Тогда люди благодарили за все Бога и довольствовались тем, что имели
Христиане того периода были более воцерковленные, более духовно и нравственно устойчивые. А сейчас христиане многие торгуются с Богом. Приходят в церковь свечку поставить: я тебе, Господи, – свечку, а ты мне – работу хорошую, квартиру и т.д. А тогда такого не было. Тогда люди благодарили за все Бога и довольствовались тем, что имели. Война оставила на нравственном, моральном поведении людей отпечаток. А скорбь и страдание всегда людей объединяют. И тогда люди были более милостивые, жалостливые и приветливые, нежели сейчас современное человечество.
– Воевал ли кто-нибудь из ваших близких? Как сохранялась в вашей семье память о войне?– Нет, отец бронь имел, инвалид был – не имел одного глаза. Он не воевал. А так, воевали матери моей братья. Все они достойно на войне положили жизнь свою за победу, и вернулся только один из них. А другие четыре погибли.
Я сам войну смутно помню. Я родился в 40 году, а война началась через полтора года.
Война — это горе, разорение. Наш город два раза оккупировали немцы. При отступлении взрывали предприятия, дома. Люди жили в землянках, там были и животные, и птицы, и люди находились. Топить было нечем – зимой холодно. Ходили по ночам воровали заборы и ворота. Тогда все дома были частными. И вот на страже, я помню, отец ночами сидел, чтобы кто бы или забор, или калитку, или ворота не унес для того, чтобы чем-то отапливаться.
Помню 47 год, когда мне было 7 лет. Какие проблемы с хлебом. Тогда была карточная система, и на карточки выдавали хлеб. И чтобы этот хлеб получить, нужно в очереди простоять ночь и день. Мать меня брала еще шестилетним, семилетним в ночь: сидишь, люди пересчитывались в очередях. Получали какой-то кусок – хлеб был не из чистой пшеницы, а ячмень, кукуруза, овес, разные примеси были. Были довольны. Света тогда электрического не было – все это было разрушено. Жили даже не при лампах, лампа – это была роскошь, потому что стекол не было для лампы, не выпускали. А был коптильник: наливали керосин, фитилек – как лампадка. И этим освещали. Когда я учился в школе, тоже были проблемы с бумагой, с тетрадями – их не было, карандашей не было, были чернильницы, которые непроливающиеся, но они всегда проливались, и перьевые ручки, которыми писали. А бумагу разыскивали на свалках где-нибудь, оберточную бумагу. На ней и писали. Все это было где-то до 49 года.

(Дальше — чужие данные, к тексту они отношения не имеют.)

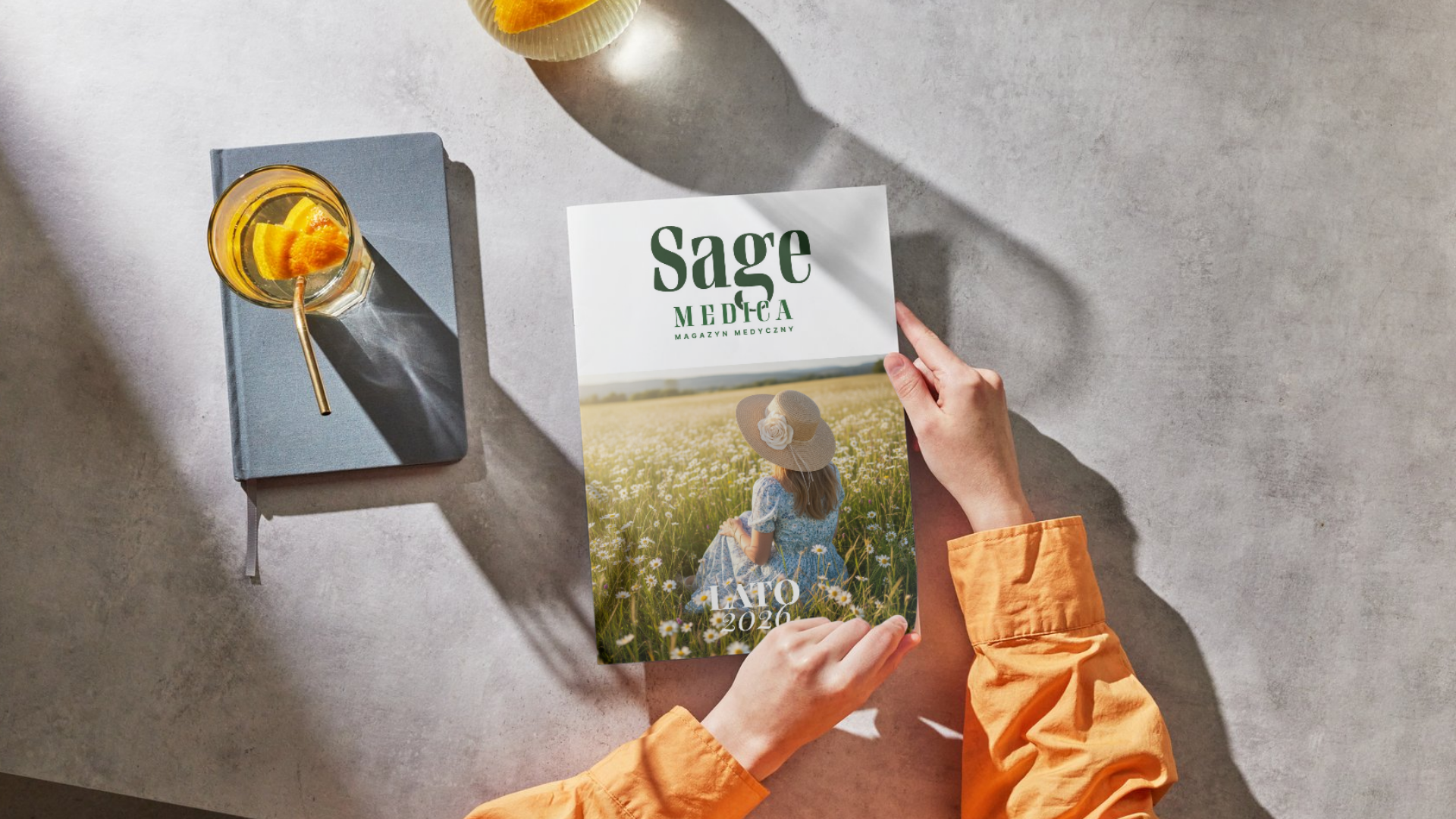 Osoba trzyma w dłoniach letnie wydanie magazynu Sage Medica na stole obok napoju i notesu.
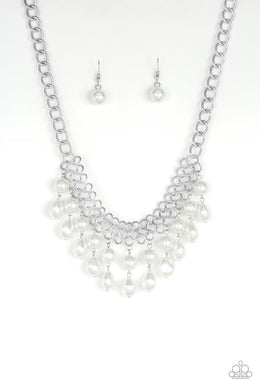 imperfect white pearls dangle from a web of interlocking silver links below the collar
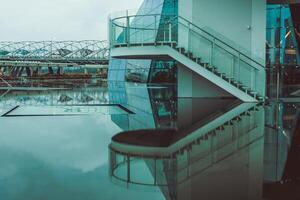 Stairs by the water with reflection photo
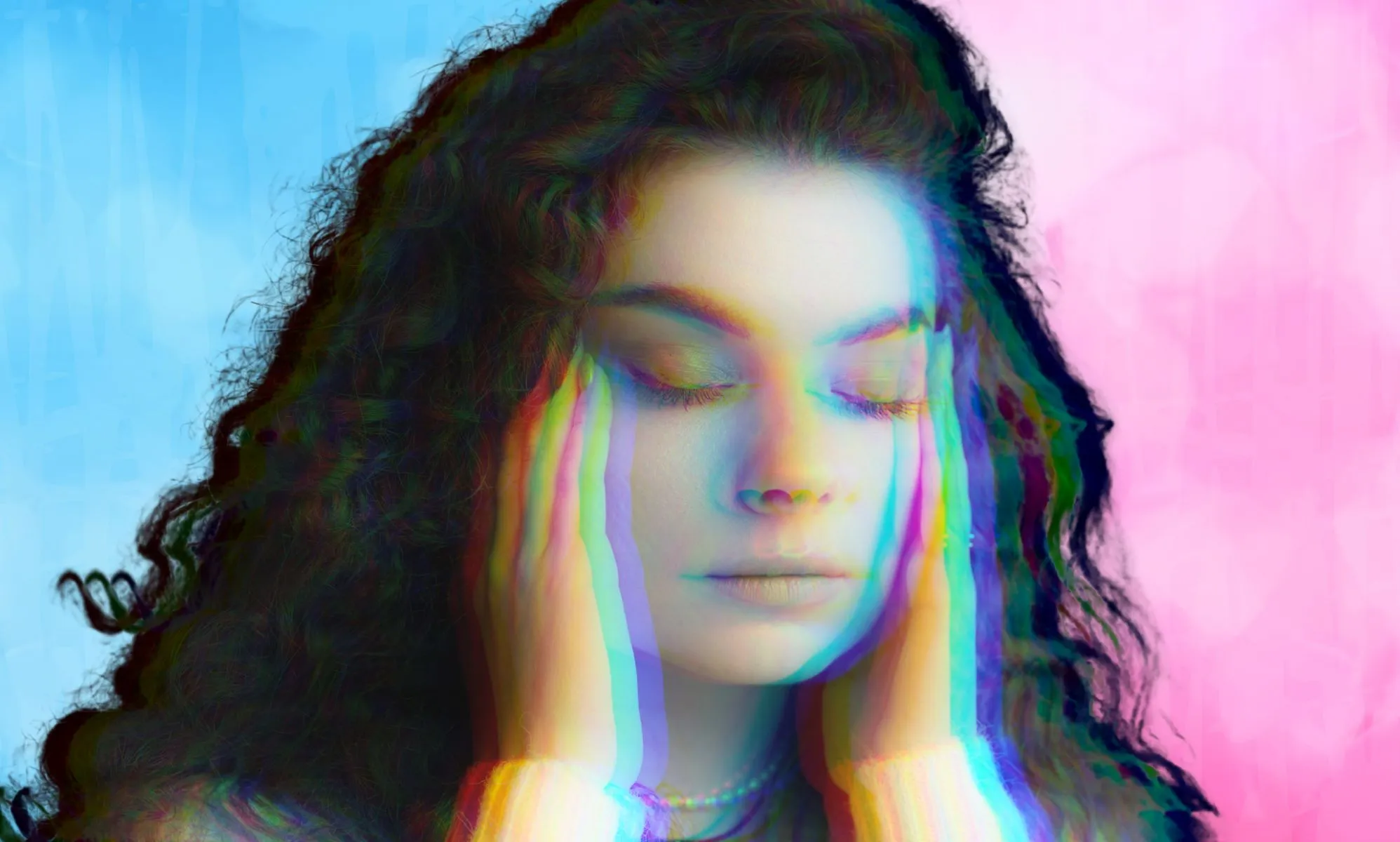 Someone rubbing their temples.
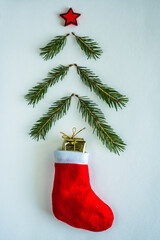 Christmas tree with gifts on the table fiat lay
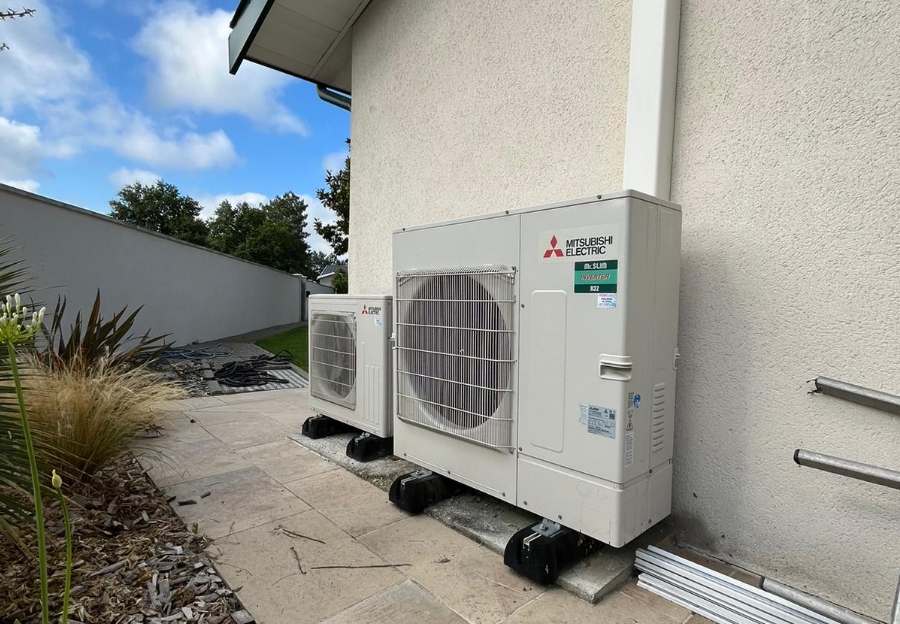 Deux unités extérieures Mitsubishi Electric installées le long d’une maison.
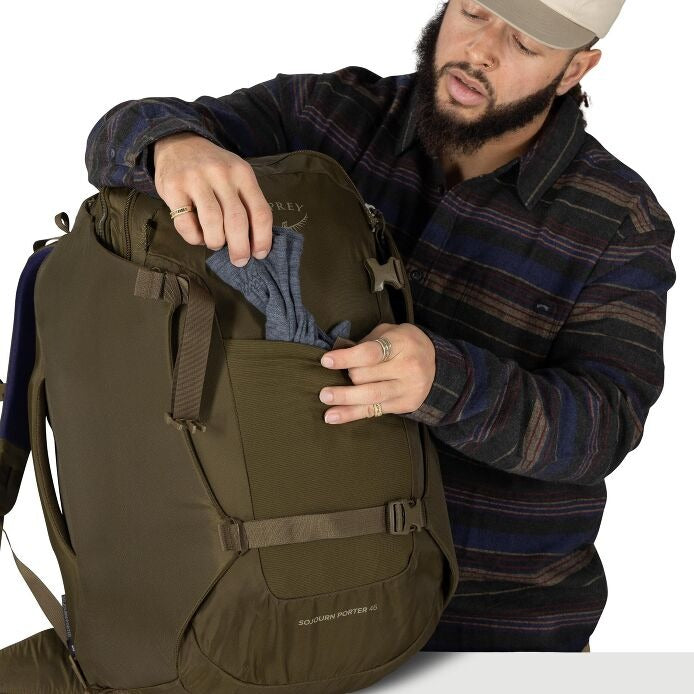 Olive green travel pack front pocket opened with hands adjusting an inner organizer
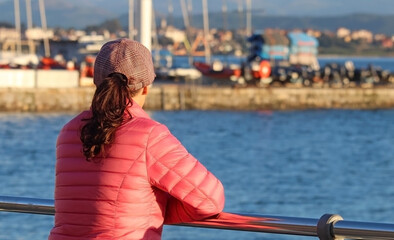 Woman in pink jacket looking at the horizon in a coastal landscape.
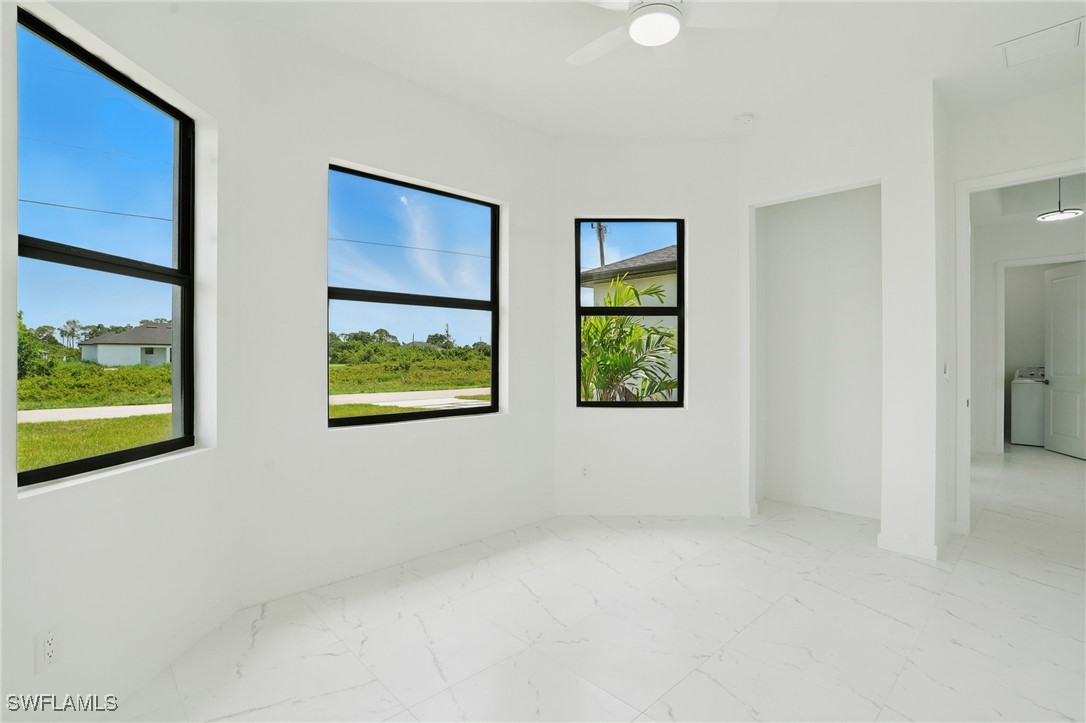 472 Rajah Street Lehigh Acres, FL 33974 - Photo 16 of 29 a view of room with window and tub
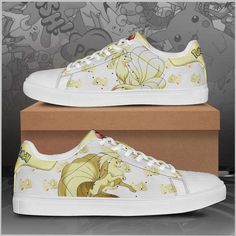 a pair of white shoes with cartoon characters on them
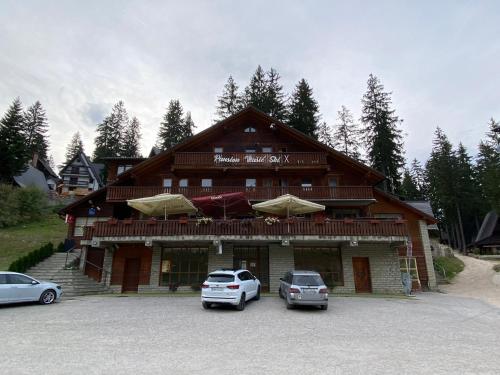 a building with two cars parked in front of it at Pansion Vlašić Ski in Šišava
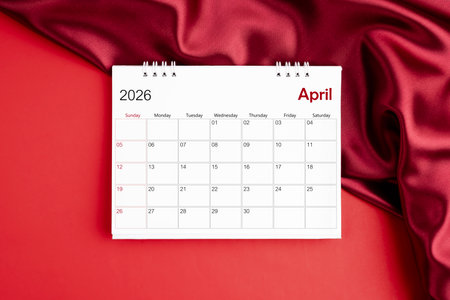 Top view of April 2026 desk calendar on red silk background.の写真素材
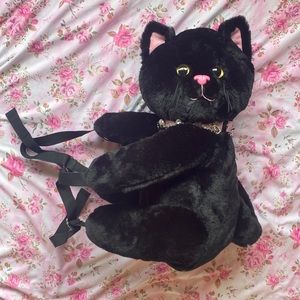 Sugar Thrillz hugging cat backpack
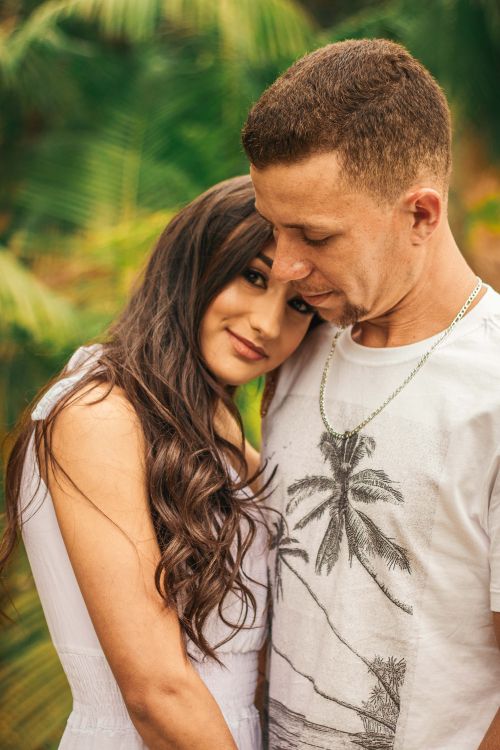 Free Couple sharing a tender moment outdoors with lush greenery in the background. Stock Photo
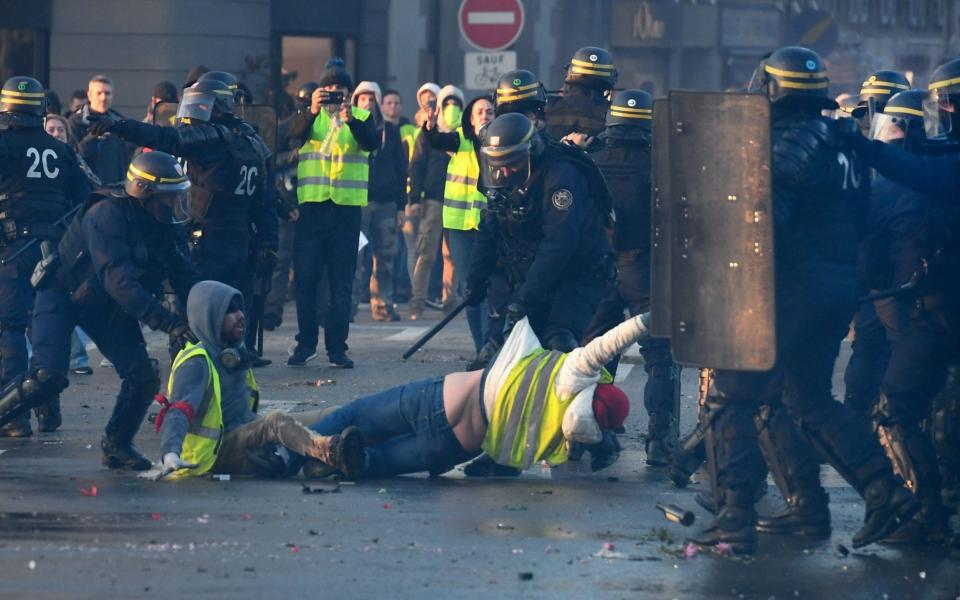 Yellow vest demonstrators are evacuated by policemen in Quimper, western France, in November 2018 - FRED TANNEAU/AFP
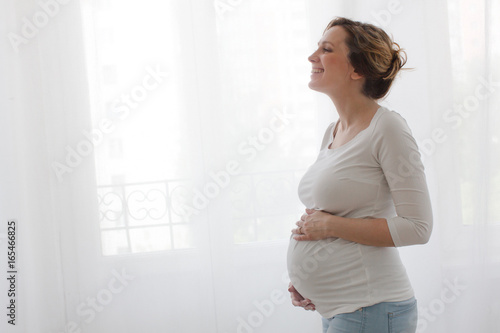 Pregnant happy woman touching belly and laughing Free Download Pregnant happy woman touching belly and laughing - GFXLoad
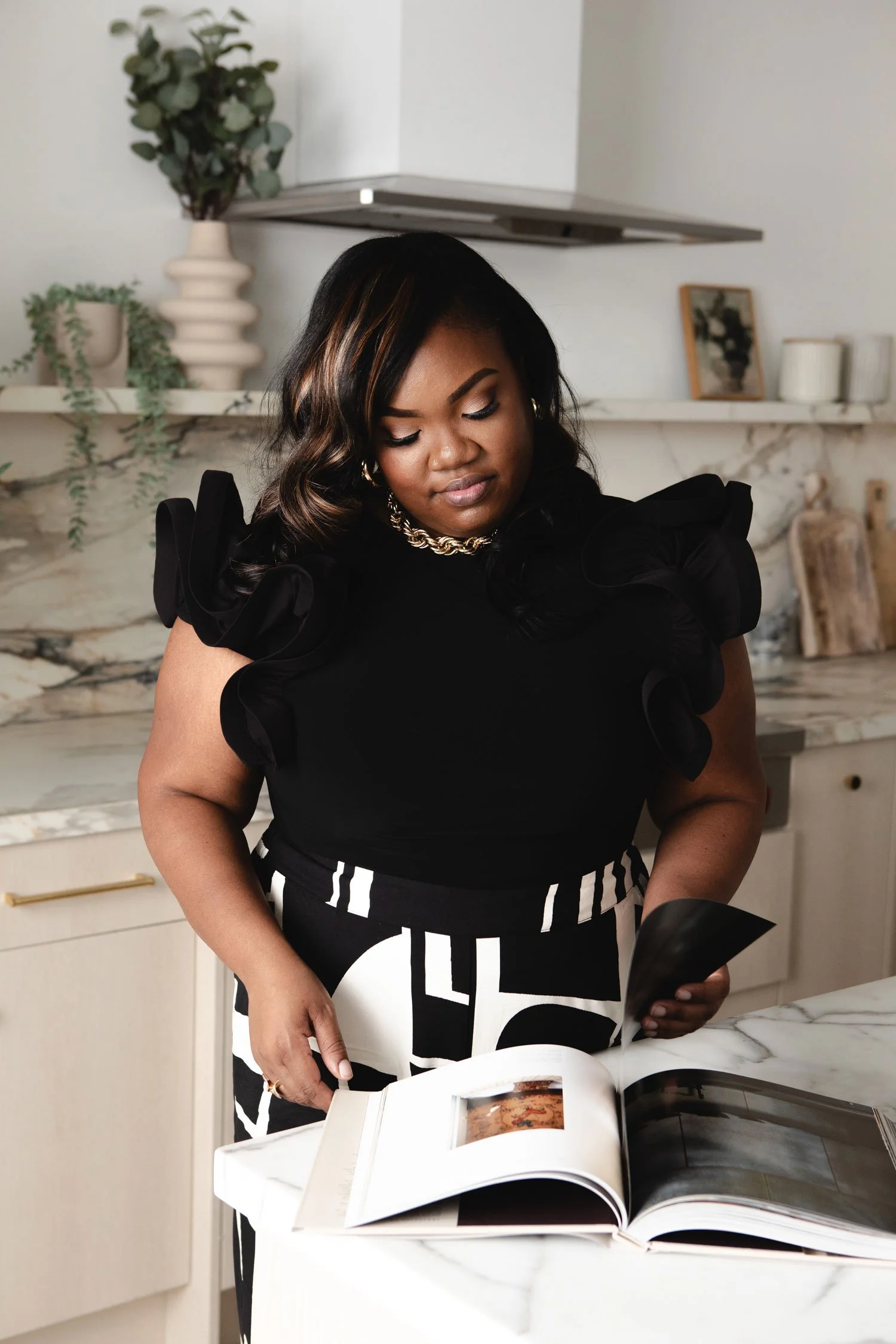 A woman with dark hair and a black top with ruffled sleeves looking down at a large open photo book on a white marble countertop in a modern kitchen with decorative vases and picture frames on the shelves behind her.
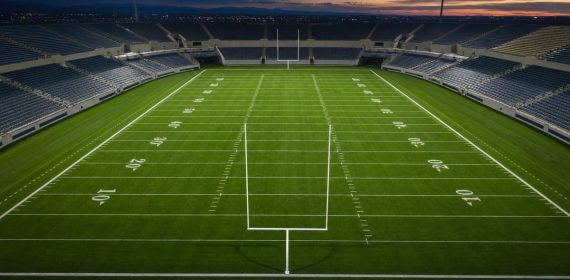 Campo de fútbol americano vacío con las líneas de yardas marcadas y los focos encendidos al anochecer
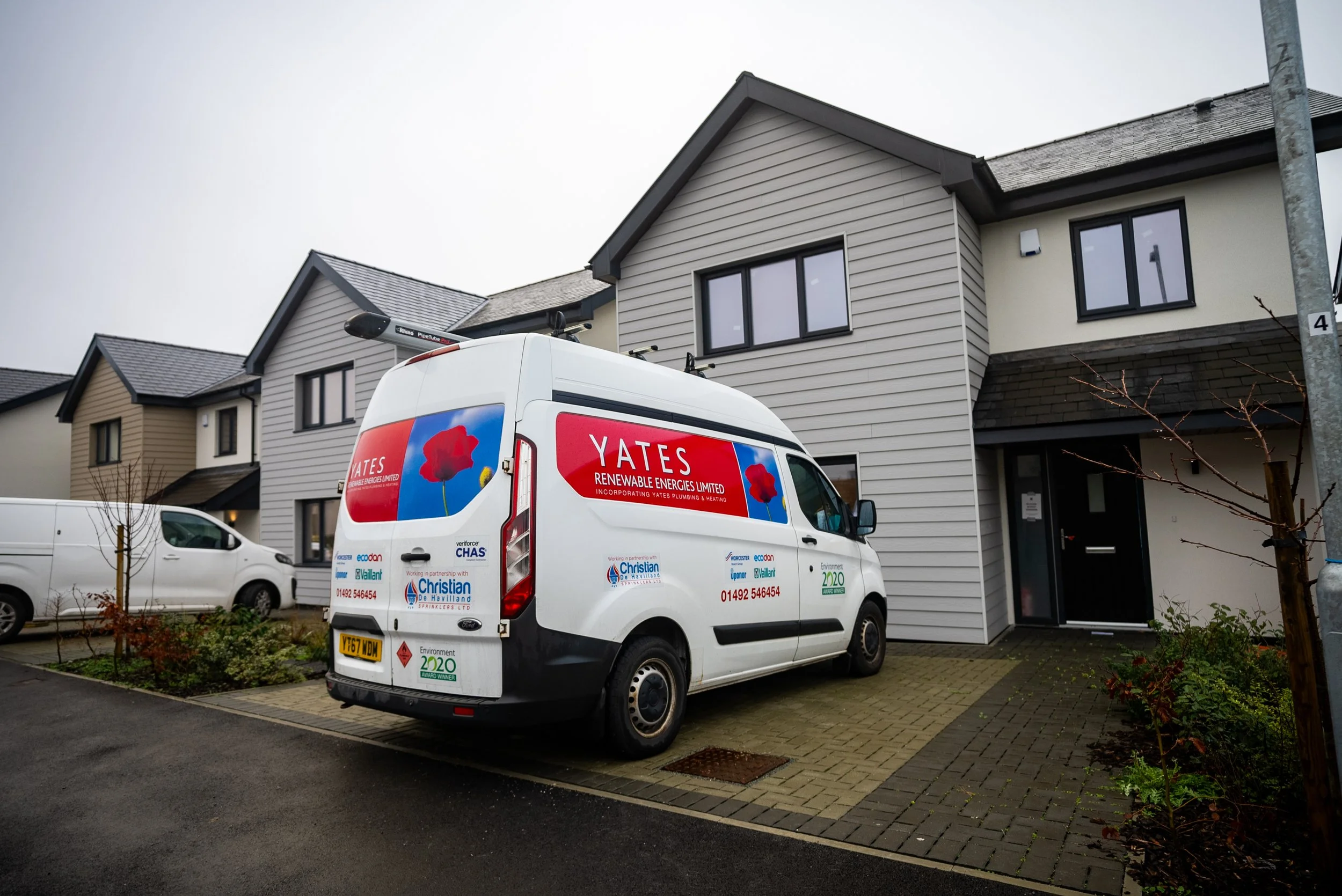 A white van parked in front of a modern residential building with grey and beige siding. The van has branding for Yates Renewable Energies Limited and Christian Haviland Ltd, including logos and contact information.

– О каких случаях явного проявления Промысла Божия вы можете рассказать?– Промысл Божий всегда действует над человеком и над Церковью: врата адова Церковь не одолеют, сказал Христос. И вот это подпитывало людей, это их утешало, это их обнадеживало, что гонения всевременные, которые были в истории Церкви, есть и будут. И люди, наши бабушки пожилые, простаивали и раннюю, и позднюю литургию. И литургию позднюю окончишь, они из храма не расходились и оставались до самой вечерни. Они безвозмездно убирали храм. Приводили в порядок. Благолепие. А сейчас наоборот люди охладели, и никого, кроме наемных уборщиц, не найдешь. Людей таких очень мало.